*Description of the task*:
Pictures are to be left out, and only the lines below starting at the one with "Qual a durabilidade" and ending at the one with "CRITERIO DIAGNOSTICO CODIFICADO" are to be reproduced, each exactly, both ends included.

*Provided data*:
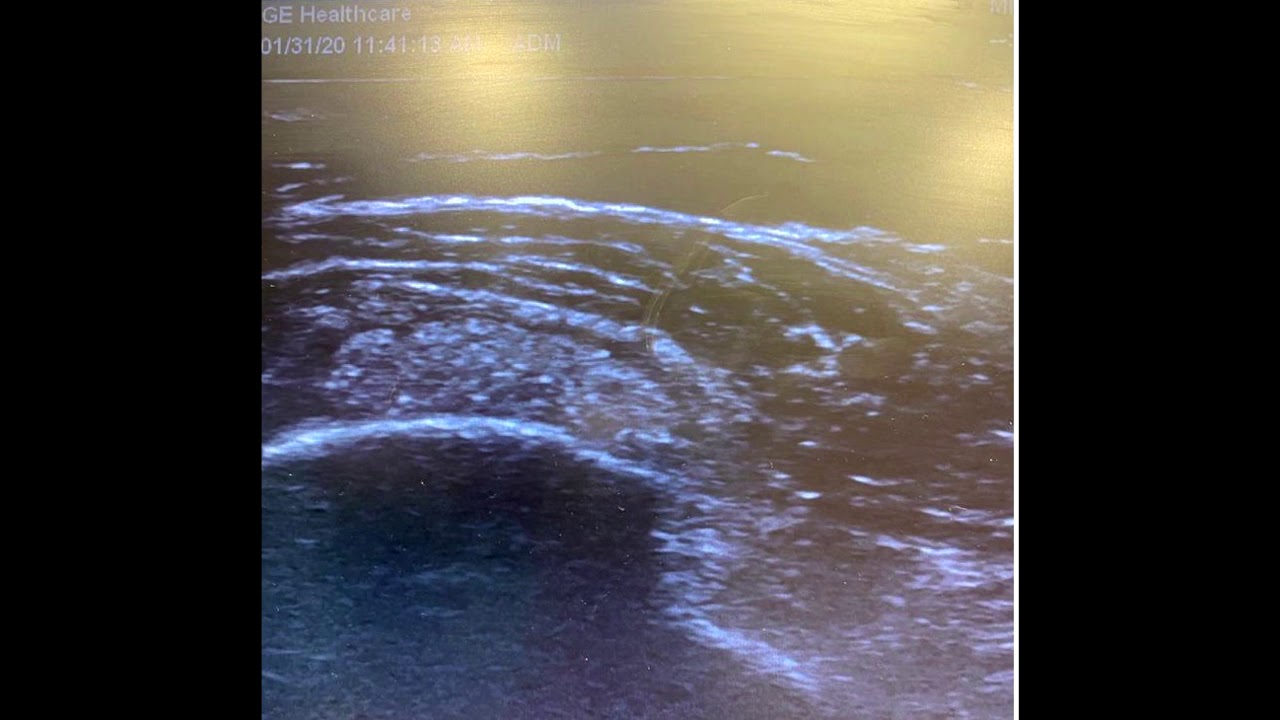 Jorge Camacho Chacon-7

...

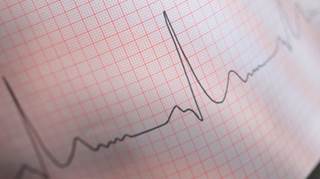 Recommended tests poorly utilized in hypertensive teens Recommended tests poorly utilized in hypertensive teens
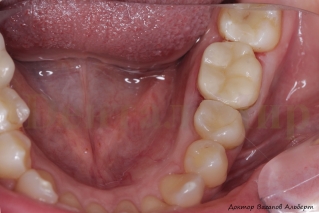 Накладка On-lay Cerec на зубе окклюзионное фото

--

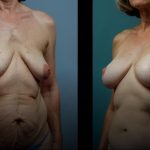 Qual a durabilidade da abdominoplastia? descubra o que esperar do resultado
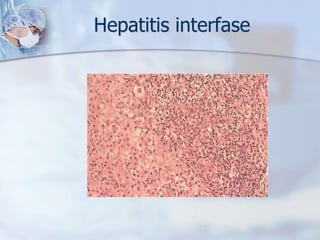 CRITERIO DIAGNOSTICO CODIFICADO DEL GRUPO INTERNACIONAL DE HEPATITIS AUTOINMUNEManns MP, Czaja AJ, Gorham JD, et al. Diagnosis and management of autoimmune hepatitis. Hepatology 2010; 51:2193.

*Answer*:
 Qual a durabilidade da abdominoplastia? descubra o que esperar do resultado
 CRITERIO DIAGNOSTICO CODIFICADO DEL GRUPO INTERNACIONAL DE HEPATITIS AUTOINMUNEManns MP, Czaja AJ, Gorham JD, et al. Diagnosis and management of autoimmune hepatitis. Hepatology 2010; 51:2193.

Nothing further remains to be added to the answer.